Em primeiro lugar, soou às 22h55 de 24 de abril E Depois do Adeus, de Paulo de Carvalho, transmitida pelo jornalista João Paulo Diniz da Rádio Emissores Associados de Lisboa. Já no dia seguinte, à 0h25, a Rádio Renascença, emissora católica portuguesa, transmitiu a canção de Afonso. Esse era o segundo sinal, indicando que os rebelados deviam ocupar os pontos estratégicos do país. Nas horas seguintes, a ditadura desmoronou.

O artista português compôs essa canção em homenagem à Sociedade Musical Fraternidade Operária Grandolense da vila portuguesa de Grôndola. Em 17 de maio de 1964, Zeca Afonso fez nessa cidade um show muito importante para ele. Primeiro, porque conheceu o guitarrista Carlos Paredes. E também porque ficou impressionado com a consciência e a maturidade política dos membros da Sociedade Musical e com seus escassos – embora bem aproveitados – recursos.

A canção foi incluída no álbum Cantigas de Maio, gravado na França entre 11 de outubro e 4 de novembro de 1971. Foi a quinta faixa do disco, que teve arranjos e direção musical de José Mário Branco. Após o levante, a música se transformou em símbolo da revolução e da democracia em Portugal, ganhando várias versões. Ainda em 1974, a cantora de fados e atriz portuguesa Amália Rodrigues quis interpretar a dela. Anos mais tarde, a banda de rock brasileira 365 também a gravou com o título Vila Morena. Na Espanha, o Reincidentes, grupo de rock e punk de Sevilha que aborda sempre temas de crítica social, política e religiosa em suas canções, deu à composição de Afonso um toque heavy.
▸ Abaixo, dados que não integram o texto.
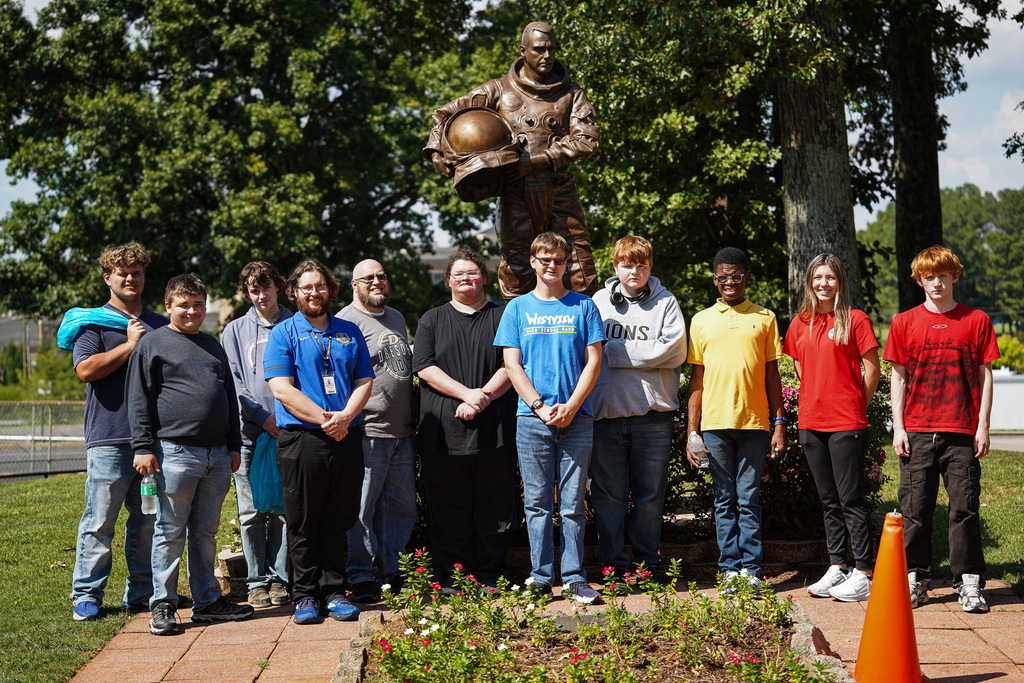 Dresden and Westview students and staff pose together outdoors in front of an astronaut statue at NASA’s Marshall Space Flight Center.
Uma das versões mais novas é a entoada pela cantora portuguesa Dulce Pontes em seu álbum Peregrinação. A maior representante do fado, que já se apresentou com Ennio Morricone, Giorgos Dalaras, Andrea Bocelli e José Carreras, consegue, com sua voz melancólica, uma das versões mais belas até o momento.
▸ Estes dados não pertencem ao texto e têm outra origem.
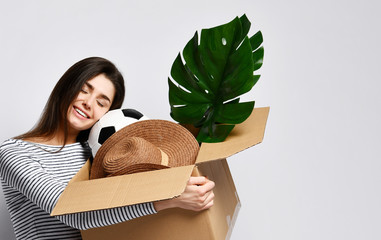 Young woman holding box with things.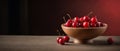 Red cherries in a wooden bowl. Fresh fruits on the table with dark red background.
A canção continua vigente não apenas na música, mas também na política. Nos protestos de setembro de 2012 contra o plano de austeridade do Governo português de Pedro Passos Coelho, os manifestantes entoaram

Grândola, Vila Morena como hino da passeata. Meses depois, quando o primeiro-ministro Passos Coelho iniciava sua intervenção numa sessão de debate da Assembleia, foi interrompido por membros do movimento Que se Lixe a Troika. Situados nas galerias reservadas ao público, os manifestantes voltaram a cantar a música emblemática.
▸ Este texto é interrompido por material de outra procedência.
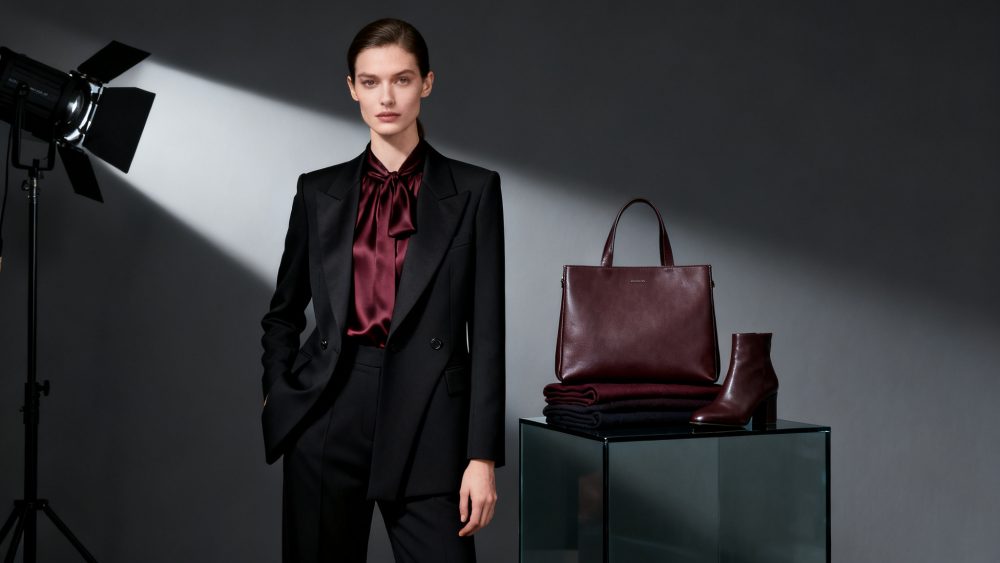 Mulher com blazer preto e camisa bordô, ao lado de mala e botas em couro bordô sobre suporte de vidro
Pouco tempo depois, vários integrantes do movimento 15-M da Espanha também se manifestaram ao compasso de José Afonso. No último 18 de abril, deputados e senadores do Partido Democrata Europeu Catalão (PDeCAT) e da Esquerda Republicana da Catalunha (ERC) se despediram, ao som da canção, do presidente de Portugal, Marcelo Rebelo de Sousa, que pronunciou um discurso no Congresso ante ambas as Câmaras.